• RECORDS SUPPLIED
__________________________________________________

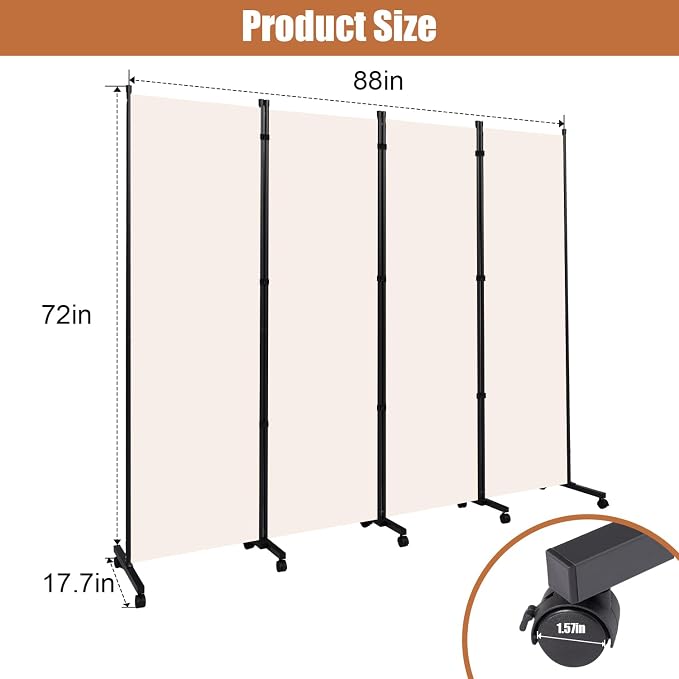 Room Divider 88'' Wide Folding Privacy Screens, 4 Panel Wall Divider w/Wheel | - Image 6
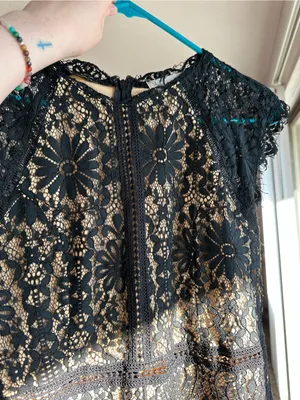 Altar'd State Black Lace Overlay Dress with Nude Lining thumbnail 2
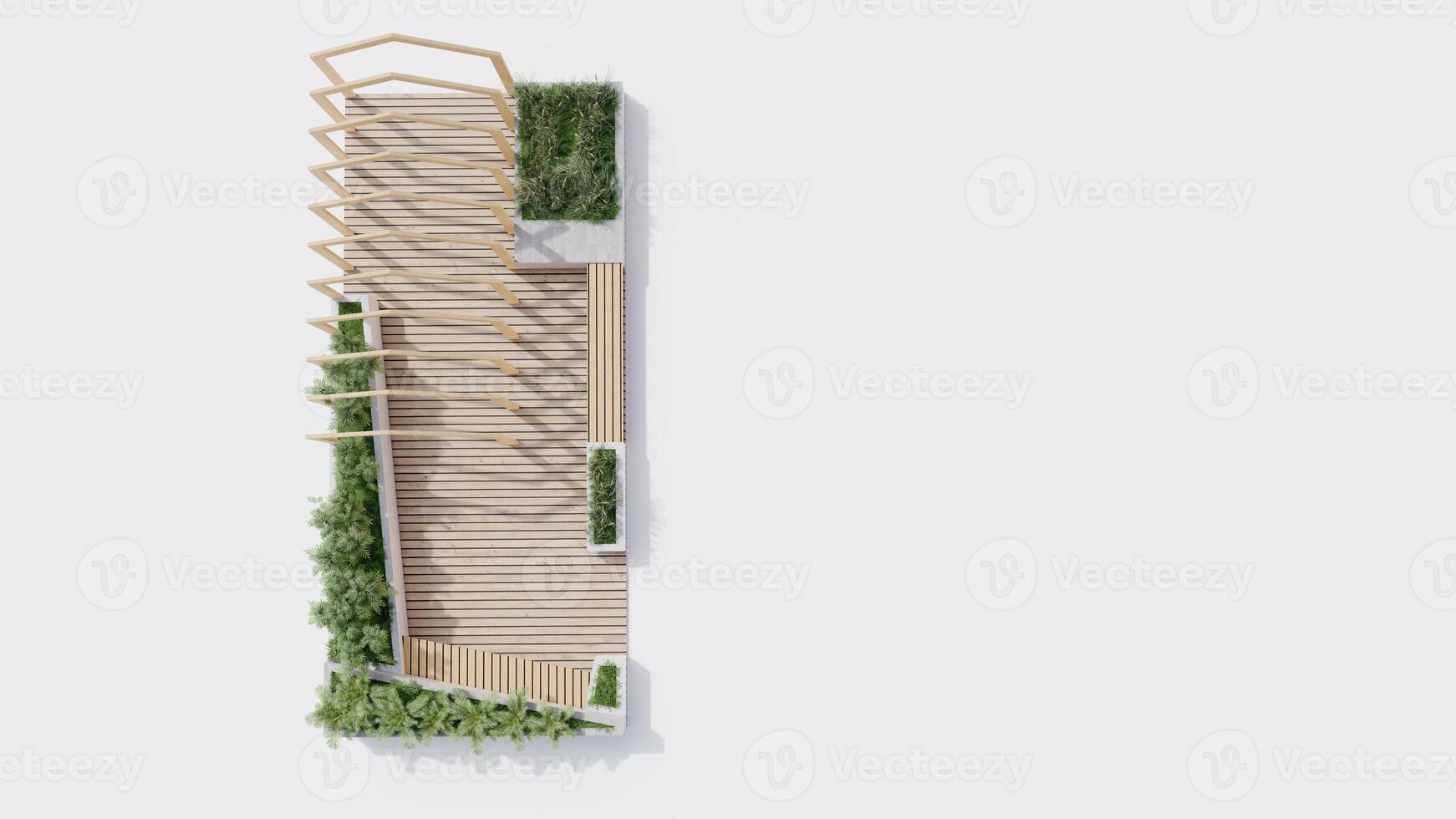 top view architecture garden park landscape terrace nature design modern 3d render. photo
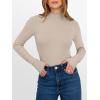 imageANRABESS Womens Lettuce Trim Mock Neck Long Sleeve Tops 2025 Casual Dressy Ribbed Knit Slim Fit Tee Shirt Fall Layer OutfitsBeige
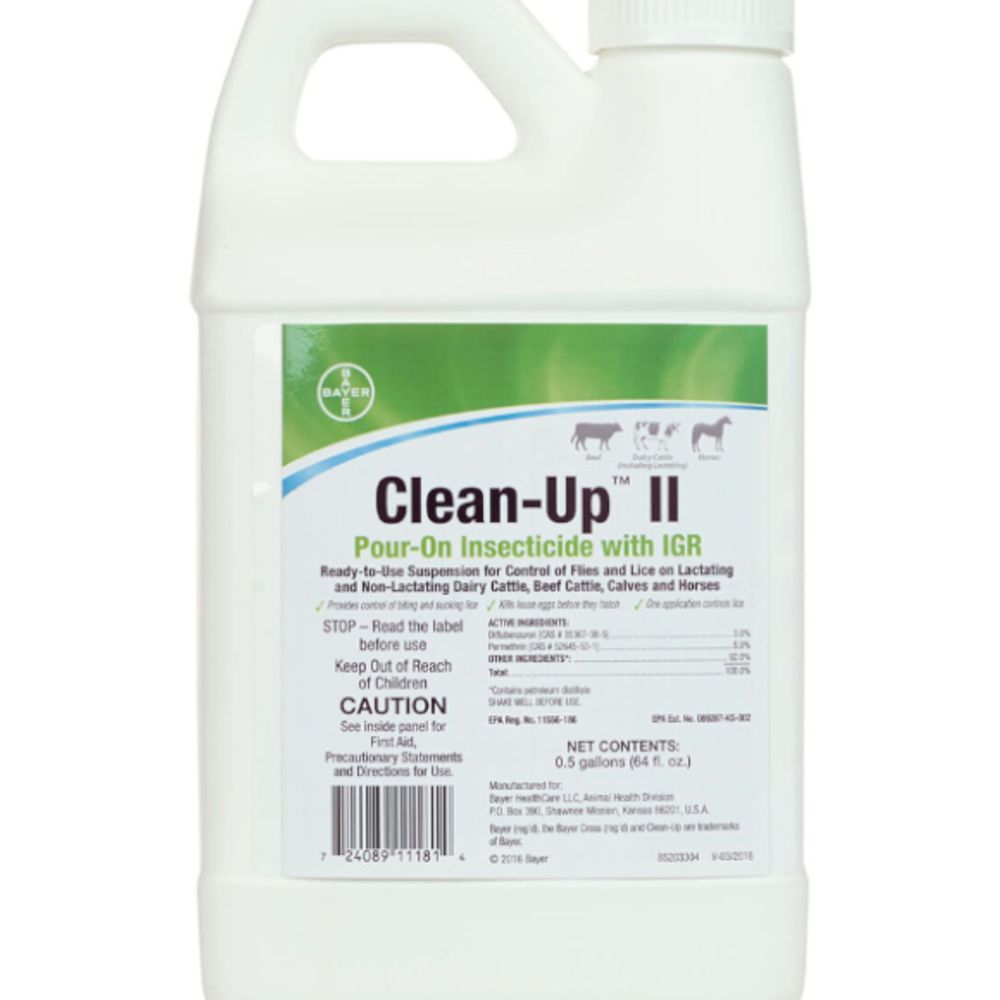 Bayer Clean Up II Pour-On Insecticide with IGR, 1/2 Gallon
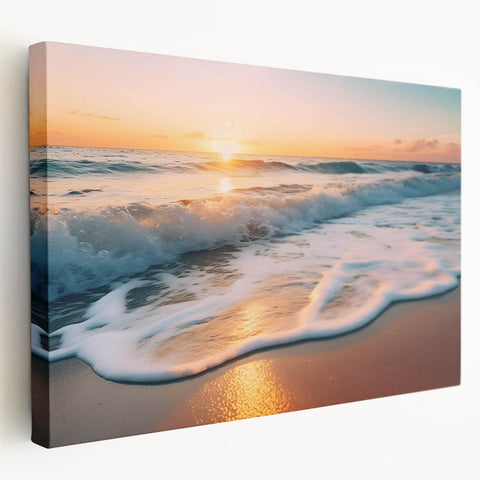 Stretched canvas wall art showcasing a serene seascape design, featuring vibrant blues and soft whites, perfect for coastal-themed decor. Ideal for enhancing home interiors.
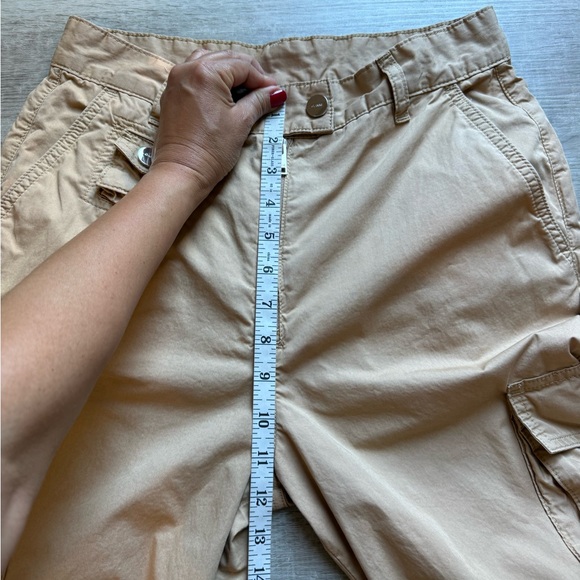 GANNI Twill Camel Cargo Pants Drawstring Hem High Rise Sz 34/US2 Organic Cotton - Picture 13 of 16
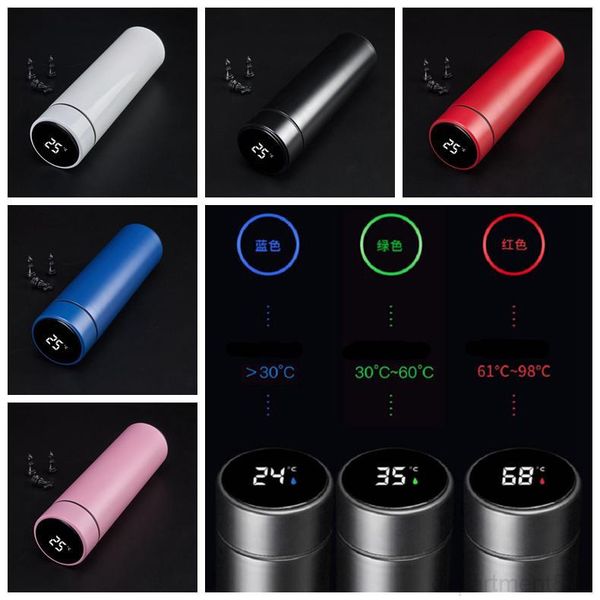 

smart mug temperature display vacuum stainless steel water bottle fashion kettle thermo cup with lcd touch screen gift cups owb2910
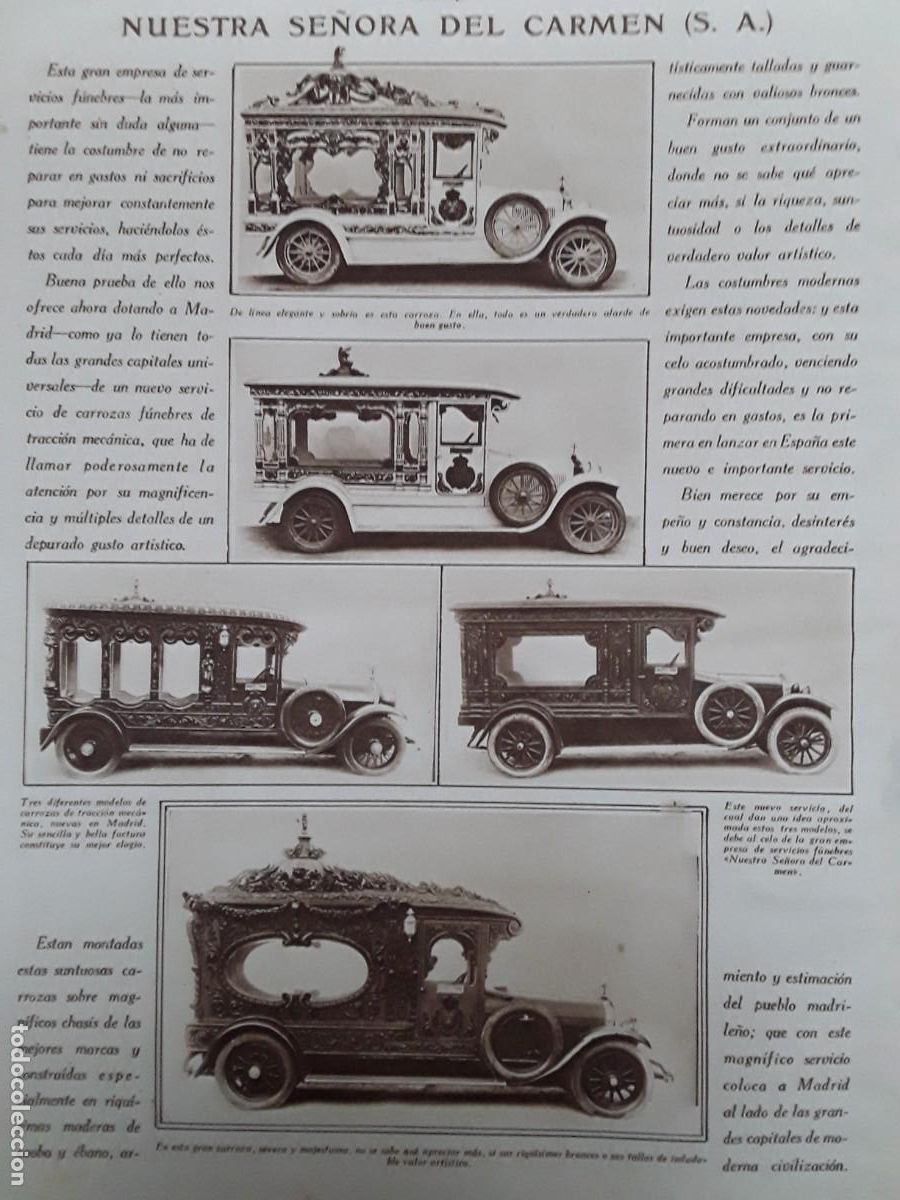 Collection Magazines and Newspapers: EMPRESA DE SERVICIOS FUNEBRES NUESTRA SE&Ntilde;ORA DEL CARMEN CARROZAS FUNEBRES HOJA A&Ntilde;O 1929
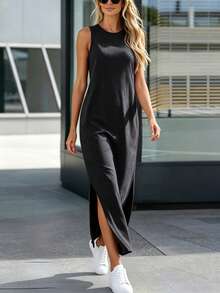 Silhoulove Vestido largo de fiesta de mujer de unicolor y cuello redondo de moda - Negro - Ver 2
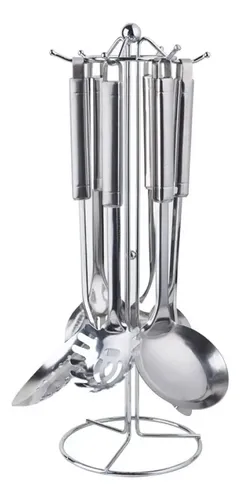 122058 ACERO SET 7 PZAS. MENAGE C/SOPORTE VERTICAL KITCHENWARE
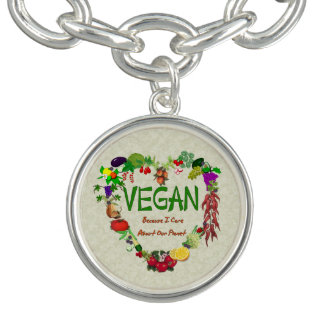 Vegan Heart Charm Bracelet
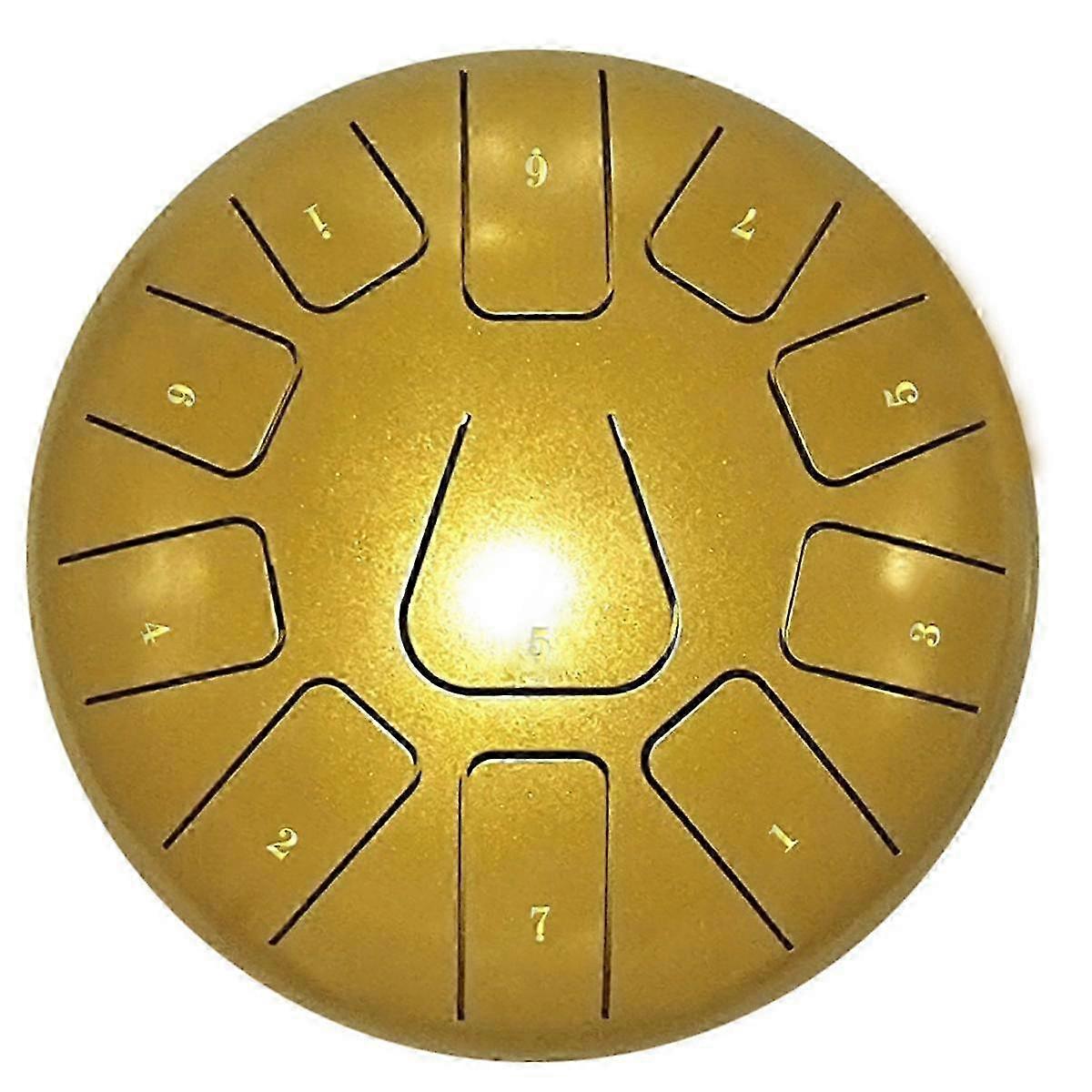 Tambour à langue en acier de 8 pouces, tambourin à 11 notes avec baguettes et médiators pour la méditation, instrument J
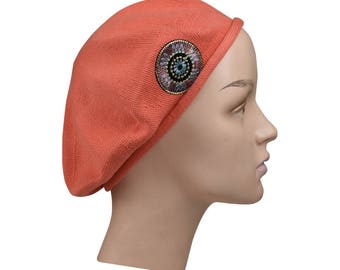 orange beret hat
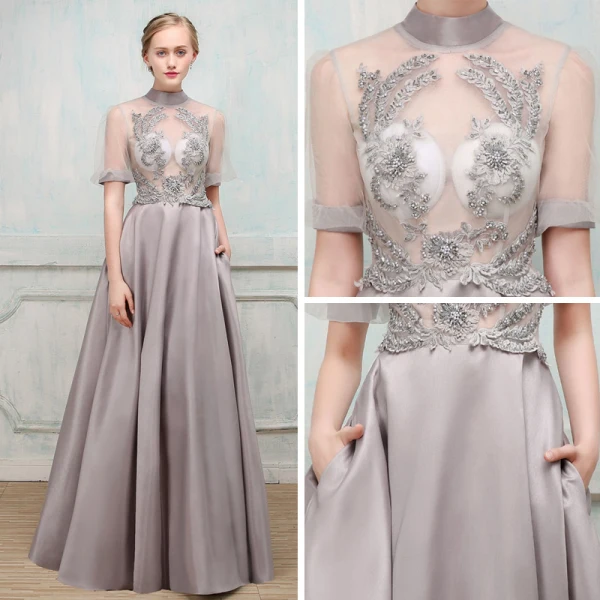 Chic / Beautiful Evening Dresses 2017 Grey A-Line / Princess Floor-Length / Long High Neck Short Sleeve Backless Pierced Appliques Flower Beading Pearl Formal Dresses
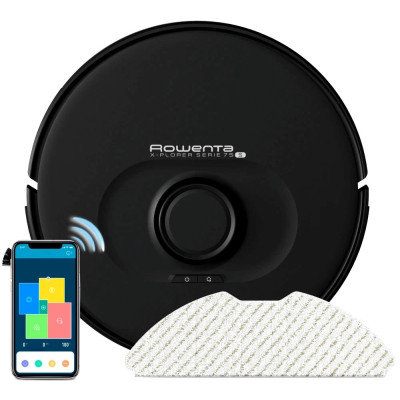 Робот-пилосос Rowenta X-Plorer Serie 75 S, h=9.5см, вологе прибирання, конт пил -0.4л, вода -0.3л, автон. робота до 120хв, НЕРА, управління через смартфон, чорний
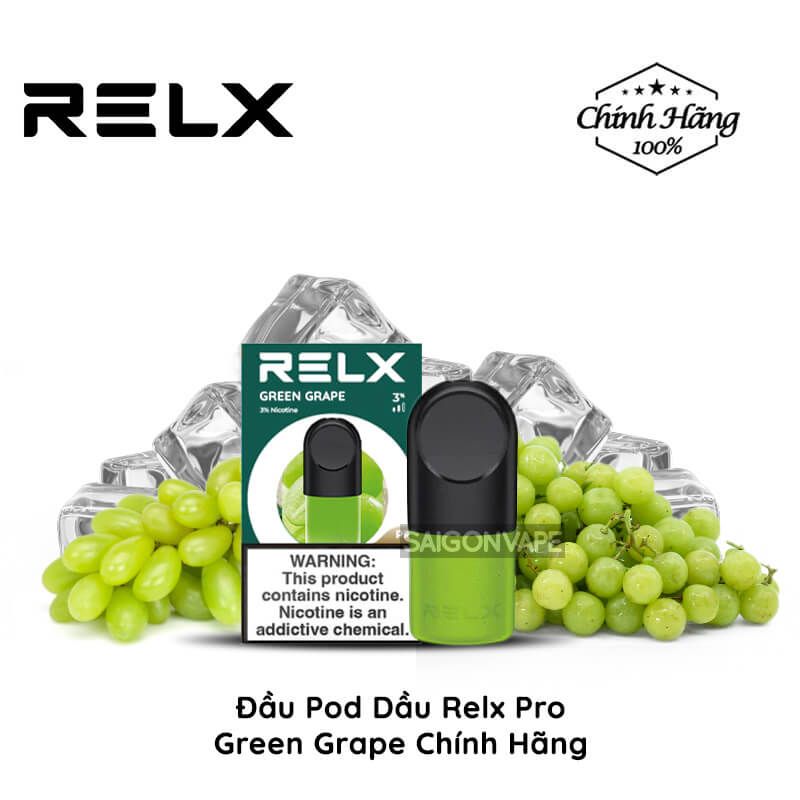  Đầu Pod Dầu Relx Pro Green Grape 30mg Chính Hãng 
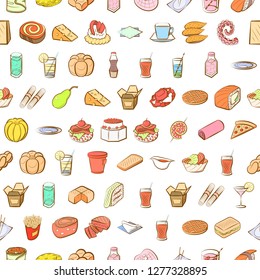 Various images set. Background for printing, design, web. Usable as icons. Seamless. Colored.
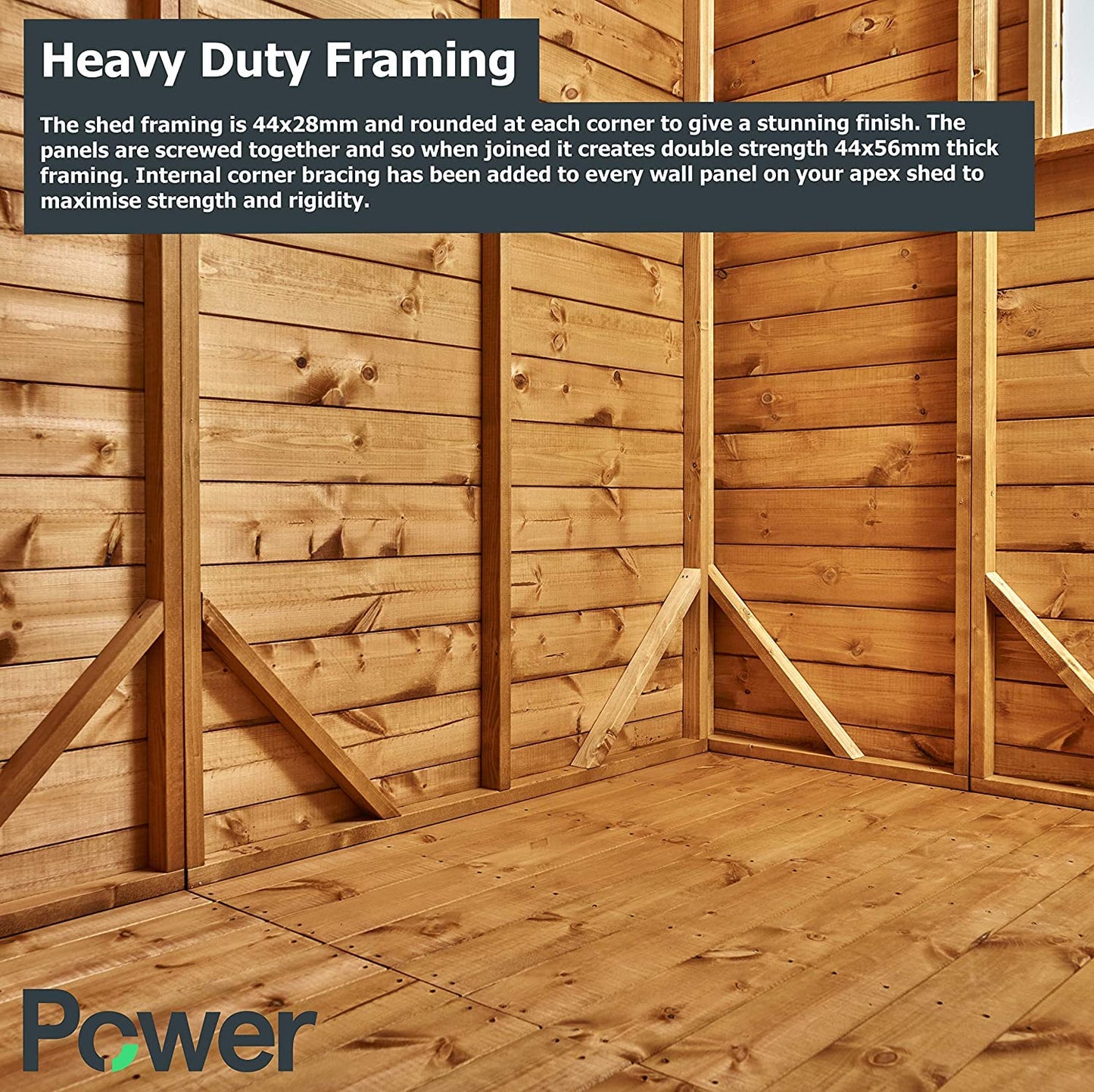 Powersheds High Grade Premium 5-Sided Corner Summerhouse with PVC Window sills made from 12mm Extra Thick Timber & Toughened Glass, for all Storage & Outdoor Needs (6x6)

__________________________________________________

• WORK REQUIRED
Pictures stay out. Return exactly the lines from the one with "orange beret hat" through the last line of the data.

• ANSWER TO THIS TASK
 orange beret hat
 Chic / Beautiful Evening Dresses 2017 Grey A-Line / Princess Floor-Length / Long High Neck Short Sleeve Backless Pierced Appliques Flower Beading Pearl Formal Dresses
 Робот-пилосос Rowenta X-Plorer Serie 75 S, h=9.5см, вологе прибирання, конт пил -0.4л, вода -0.3л, автон. робота до 120хв, НЕРА, управління через смартфон, чорний
  Đầu Pod Dầu Relx Pro Green Grape 30mg Chính Hãng 
 Various images set. Background for printing, design, web. Usable as icons. Seamless. Colored.
 Powersheds High Grade Premium 5-Sided Corner Summerhouse with PVC Window sills made from 12mm Extra Thick Timber & Toughened Glass, for all Storage & Outdoor Needs (6x6)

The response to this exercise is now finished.